Vermont artist William Accorsi creates whimsical art
LONDONDERRY -- Sitting in a cafe, a ham sandwich in hand, William Accorsi looks like a typical older gentleman. But his life story intertwines art, storytelling and color -- as he became, he said, "the most famous artist no one's ever heard of."
Before the studio in New York City, the exhibit at the Smithsonian, the best-selling children's book, he was a young boy, the son of Italian immigrants, playing football in Pennsylvania.
"I became very interested in athletics around the seventh grade, and I decided I would become a great football player and that I would also coach football," he said. "I had to get to college to do that ... and I was a pretty good football player, but what I didn't realize was how big the world is -- and I was small. The most I ever weighed was 155."
Football got him to college, where he discovered his love of art. He decided to take education classes, to become a teacher, and he started to develop his artwork, beginning with crafts in class.

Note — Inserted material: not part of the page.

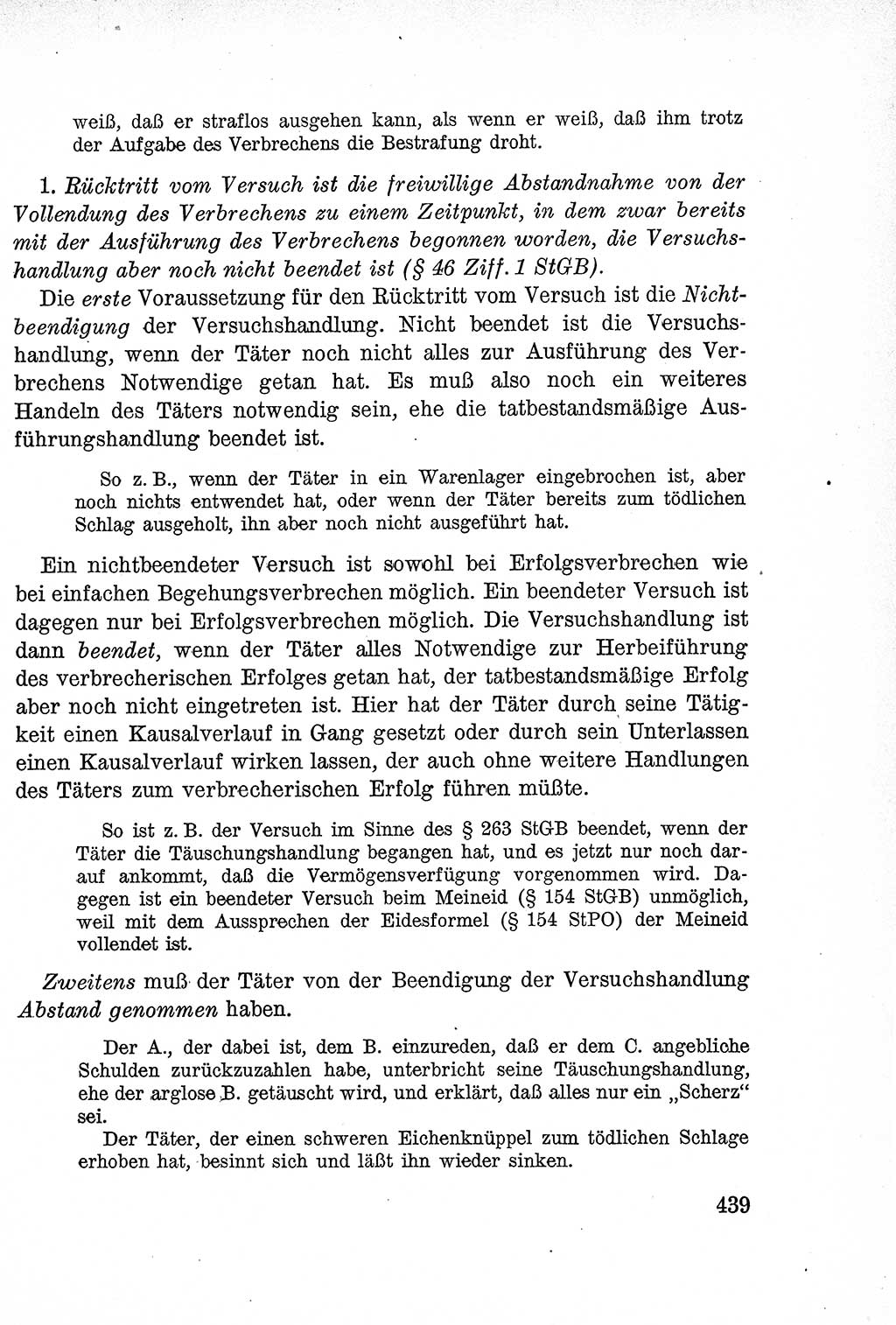 Lehrbuch des Strafrechts der Deutschen Demokratischen Republik (DDR), Allgemeiner Teil 1957, Seite 439 (Lb. Strafr. DDR AT 1957, S. 439)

Like many other students learning to become teachers, he first started with simple artwork. He learned crafts he could use in class, focusing on accessible mediums like colored paper, felt and yarn -- all the materials he works with today.
The artistic world pulled him away from football.
"Something told me then, as naive as I was, that I could become quite an artist," he said. "I had to work on it, and I had to grow. "
Accorsi taught elementary school in Columbus, Ohio, for seven years and eventually made his way to New York City, where he opened his own studio in 1962. While he left elementary education, Accorsi was still a teacher. In his gallery and studio he taught art classes, as well as teaching graphic design at The School of Visual Design.
While he taught, Accorsi also continued to make his art. He does everything: sculpture, needlepoint, painting and using all many mediums to create small sculptures.
In the Garden Gallery in Londonderry, Accorsi has two sculptures made out of buttons. He used wires to create the frame of a man and an animal and then filled in the spaces with buttons of all textures and colors. When the light hits these creations, they sparkle and shine, reflecting their colors on any surface that surrounds them.
Tom Platt, owner and curator of the gallery, said he loves Accrosi's art because it's colorful and whimsical. The sculptures made out of buttons and wire are some of his favorites.
"They're museum pieces, color catchers at the right time of day -- when the sun swings around, they're mind blowing," he said. "He's fastidious to detail ... like an old world toy maker."
One of Accorsi's largest shows came in the summer of 1970. At the Smithsonian, he took part in a show hosted by the museum shops. His worked followed a circus motif, and he called the show "Om Pa Pa Circus and Wild West Show."
"I was in the arts and industry building," he said. "It is the same building [as] the Wright brother's airplane."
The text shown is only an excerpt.